*** RECORDS FOR THIS EXERCISE ***
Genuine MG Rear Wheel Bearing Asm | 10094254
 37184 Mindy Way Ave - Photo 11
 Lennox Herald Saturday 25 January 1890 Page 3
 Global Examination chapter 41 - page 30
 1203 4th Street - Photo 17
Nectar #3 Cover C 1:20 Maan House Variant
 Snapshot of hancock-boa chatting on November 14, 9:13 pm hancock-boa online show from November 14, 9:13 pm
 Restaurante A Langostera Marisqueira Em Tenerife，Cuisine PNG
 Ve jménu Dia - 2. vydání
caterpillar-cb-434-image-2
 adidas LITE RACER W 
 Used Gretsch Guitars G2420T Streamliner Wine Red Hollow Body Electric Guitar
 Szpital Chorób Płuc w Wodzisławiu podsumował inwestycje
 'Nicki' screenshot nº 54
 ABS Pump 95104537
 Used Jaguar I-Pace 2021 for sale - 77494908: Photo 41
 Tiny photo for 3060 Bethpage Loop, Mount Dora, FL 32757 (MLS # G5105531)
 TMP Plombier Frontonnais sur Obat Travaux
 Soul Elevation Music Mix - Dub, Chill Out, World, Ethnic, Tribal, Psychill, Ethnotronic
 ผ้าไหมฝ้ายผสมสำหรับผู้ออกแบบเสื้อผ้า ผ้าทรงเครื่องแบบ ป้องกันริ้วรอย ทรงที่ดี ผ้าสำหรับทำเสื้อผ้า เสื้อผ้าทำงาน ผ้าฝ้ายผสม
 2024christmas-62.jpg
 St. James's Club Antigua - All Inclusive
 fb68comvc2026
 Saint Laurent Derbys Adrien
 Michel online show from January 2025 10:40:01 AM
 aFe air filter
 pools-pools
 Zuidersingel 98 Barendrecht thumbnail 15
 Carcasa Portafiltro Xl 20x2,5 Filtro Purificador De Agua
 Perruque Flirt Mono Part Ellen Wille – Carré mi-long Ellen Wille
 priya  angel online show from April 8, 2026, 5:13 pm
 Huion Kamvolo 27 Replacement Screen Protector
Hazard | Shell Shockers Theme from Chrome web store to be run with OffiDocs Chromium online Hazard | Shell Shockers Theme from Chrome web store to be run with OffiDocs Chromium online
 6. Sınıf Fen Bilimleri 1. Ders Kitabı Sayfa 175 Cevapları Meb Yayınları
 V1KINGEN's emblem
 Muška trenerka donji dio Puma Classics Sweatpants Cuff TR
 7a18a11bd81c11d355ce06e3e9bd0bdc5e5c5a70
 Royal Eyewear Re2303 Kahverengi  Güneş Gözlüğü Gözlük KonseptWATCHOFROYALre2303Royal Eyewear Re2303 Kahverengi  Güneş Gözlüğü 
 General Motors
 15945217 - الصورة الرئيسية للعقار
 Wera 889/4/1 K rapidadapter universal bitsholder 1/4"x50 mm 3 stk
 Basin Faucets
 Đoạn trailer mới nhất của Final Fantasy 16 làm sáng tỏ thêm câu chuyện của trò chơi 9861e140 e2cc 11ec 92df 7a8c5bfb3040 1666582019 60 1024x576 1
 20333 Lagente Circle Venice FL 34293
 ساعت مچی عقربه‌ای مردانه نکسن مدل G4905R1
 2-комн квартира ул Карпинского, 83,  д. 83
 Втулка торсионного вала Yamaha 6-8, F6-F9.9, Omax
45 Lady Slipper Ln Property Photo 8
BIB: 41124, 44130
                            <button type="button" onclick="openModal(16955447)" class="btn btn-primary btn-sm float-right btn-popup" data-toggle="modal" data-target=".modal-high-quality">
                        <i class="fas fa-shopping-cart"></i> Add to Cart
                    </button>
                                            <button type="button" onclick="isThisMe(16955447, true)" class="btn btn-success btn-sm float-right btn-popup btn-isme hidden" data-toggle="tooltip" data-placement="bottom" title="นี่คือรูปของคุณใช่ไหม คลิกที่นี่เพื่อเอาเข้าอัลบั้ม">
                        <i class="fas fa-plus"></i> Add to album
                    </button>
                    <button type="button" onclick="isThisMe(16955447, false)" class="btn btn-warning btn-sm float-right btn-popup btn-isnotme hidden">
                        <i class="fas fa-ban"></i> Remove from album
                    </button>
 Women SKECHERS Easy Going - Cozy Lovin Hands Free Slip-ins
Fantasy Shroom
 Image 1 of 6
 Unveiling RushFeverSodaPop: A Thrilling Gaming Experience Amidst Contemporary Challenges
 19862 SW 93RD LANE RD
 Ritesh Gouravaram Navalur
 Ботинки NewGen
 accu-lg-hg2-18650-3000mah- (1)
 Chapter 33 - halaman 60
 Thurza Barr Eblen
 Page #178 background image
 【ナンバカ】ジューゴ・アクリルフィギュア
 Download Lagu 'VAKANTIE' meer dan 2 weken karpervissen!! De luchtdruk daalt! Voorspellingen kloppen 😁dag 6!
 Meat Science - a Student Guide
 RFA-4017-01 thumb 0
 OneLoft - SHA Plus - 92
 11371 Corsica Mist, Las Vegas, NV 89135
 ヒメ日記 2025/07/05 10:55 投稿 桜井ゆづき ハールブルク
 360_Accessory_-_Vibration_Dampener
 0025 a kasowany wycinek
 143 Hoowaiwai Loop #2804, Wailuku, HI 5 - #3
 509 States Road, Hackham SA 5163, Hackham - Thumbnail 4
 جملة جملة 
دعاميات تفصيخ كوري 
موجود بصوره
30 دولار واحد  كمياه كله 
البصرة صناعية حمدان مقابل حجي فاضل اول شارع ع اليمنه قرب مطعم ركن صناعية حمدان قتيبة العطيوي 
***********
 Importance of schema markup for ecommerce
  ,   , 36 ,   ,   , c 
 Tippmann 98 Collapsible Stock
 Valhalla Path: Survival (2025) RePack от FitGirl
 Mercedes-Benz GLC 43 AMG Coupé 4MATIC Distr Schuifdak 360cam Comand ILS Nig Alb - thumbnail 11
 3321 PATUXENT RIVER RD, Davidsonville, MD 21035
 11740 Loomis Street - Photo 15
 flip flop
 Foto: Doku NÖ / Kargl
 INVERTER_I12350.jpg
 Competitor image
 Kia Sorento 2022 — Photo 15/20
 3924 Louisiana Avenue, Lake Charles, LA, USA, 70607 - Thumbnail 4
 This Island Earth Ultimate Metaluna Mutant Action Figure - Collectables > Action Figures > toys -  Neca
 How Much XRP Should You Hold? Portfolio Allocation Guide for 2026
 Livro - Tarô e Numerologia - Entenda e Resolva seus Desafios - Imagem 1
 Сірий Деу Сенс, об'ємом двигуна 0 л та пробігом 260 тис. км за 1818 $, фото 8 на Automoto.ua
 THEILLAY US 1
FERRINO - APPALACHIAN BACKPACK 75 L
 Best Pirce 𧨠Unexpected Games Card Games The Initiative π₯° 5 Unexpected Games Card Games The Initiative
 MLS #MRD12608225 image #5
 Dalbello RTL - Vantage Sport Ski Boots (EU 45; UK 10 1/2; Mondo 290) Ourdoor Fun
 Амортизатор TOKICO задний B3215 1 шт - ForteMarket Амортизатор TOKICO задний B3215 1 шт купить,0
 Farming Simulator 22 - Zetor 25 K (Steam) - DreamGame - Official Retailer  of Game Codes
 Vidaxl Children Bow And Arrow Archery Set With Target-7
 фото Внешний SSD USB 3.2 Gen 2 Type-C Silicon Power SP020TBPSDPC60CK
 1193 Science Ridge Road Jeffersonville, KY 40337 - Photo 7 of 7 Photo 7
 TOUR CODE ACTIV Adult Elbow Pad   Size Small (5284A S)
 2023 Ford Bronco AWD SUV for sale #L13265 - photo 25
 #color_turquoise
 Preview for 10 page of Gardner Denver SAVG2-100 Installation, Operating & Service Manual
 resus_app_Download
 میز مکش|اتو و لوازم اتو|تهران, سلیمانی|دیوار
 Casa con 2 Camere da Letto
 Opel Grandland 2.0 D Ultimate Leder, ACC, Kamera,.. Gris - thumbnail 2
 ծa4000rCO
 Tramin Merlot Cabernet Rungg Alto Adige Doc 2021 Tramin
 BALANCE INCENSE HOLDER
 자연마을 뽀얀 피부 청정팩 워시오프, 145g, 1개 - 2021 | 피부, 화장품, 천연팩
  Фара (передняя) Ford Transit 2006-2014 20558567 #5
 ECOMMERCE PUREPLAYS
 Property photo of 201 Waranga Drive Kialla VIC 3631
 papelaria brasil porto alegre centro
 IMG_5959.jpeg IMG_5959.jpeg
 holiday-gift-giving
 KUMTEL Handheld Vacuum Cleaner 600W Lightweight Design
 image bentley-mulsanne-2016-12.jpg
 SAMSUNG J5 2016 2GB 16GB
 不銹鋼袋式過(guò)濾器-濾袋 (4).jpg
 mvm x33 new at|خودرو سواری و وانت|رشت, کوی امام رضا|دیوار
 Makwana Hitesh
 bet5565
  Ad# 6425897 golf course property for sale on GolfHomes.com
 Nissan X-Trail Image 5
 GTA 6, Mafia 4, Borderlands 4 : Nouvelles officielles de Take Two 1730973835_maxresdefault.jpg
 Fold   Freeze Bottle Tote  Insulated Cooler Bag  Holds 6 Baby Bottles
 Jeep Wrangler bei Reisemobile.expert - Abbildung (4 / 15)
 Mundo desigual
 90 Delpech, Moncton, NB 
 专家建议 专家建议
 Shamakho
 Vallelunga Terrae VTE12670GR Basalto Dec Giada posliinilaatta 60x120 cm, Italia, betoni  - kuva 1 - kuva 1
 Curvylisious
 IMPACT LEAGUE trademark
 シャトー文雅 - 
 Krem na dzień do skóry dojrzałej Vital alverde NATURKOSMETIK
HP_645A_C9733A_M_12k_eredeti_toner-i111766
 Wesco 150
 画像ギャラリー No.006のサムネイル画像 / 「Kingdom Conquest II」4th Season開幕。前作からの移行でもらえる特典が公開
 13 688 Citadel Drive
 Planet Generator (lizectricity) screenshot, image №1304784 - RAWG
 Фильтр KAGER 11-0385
*** End of RECORDS FOR THIS EXERCISE ***
AIM OF THE EXERCISE: Search the records above for the string "January". Report each line that has it.

RESPONSE FOR THIS EXERCISE:
 Lennox Herald Saturday 25 January 1890 Page 3
 Michel online show from January 2025 10:40:01 AM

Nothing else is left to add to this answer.